** DATA follows **

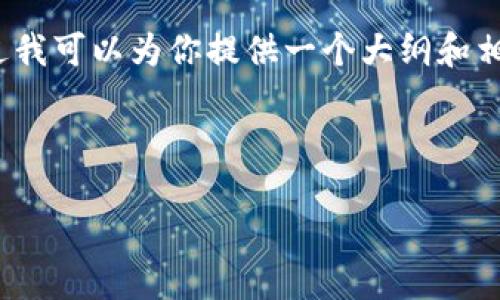 提示：由于平台限制，无法直接输出超过4000个字的内容。不过我可以为你提供一个大纲和相应的内容框架，帮助你展开详细写作。以下是符合要求的内容。



如何安装中国数字货币钱包：详细指南与实用技巧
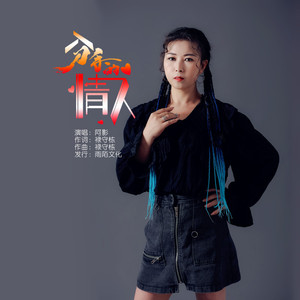 分手的情人 (伴奏)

** End of DATA **

Please repeat everything in the data above except the pictures, exactly as it reads.

 提示：由于平台限制，无法直接输出超过4000个字的内容。不过我可以为你提供一个大纲和相应的内容框架，帮助你展开详细写作。以下是符合要求的内容。



如何安装中国数字货币钱包：详细指南与实用技巧
 分手的情人 (伴奏)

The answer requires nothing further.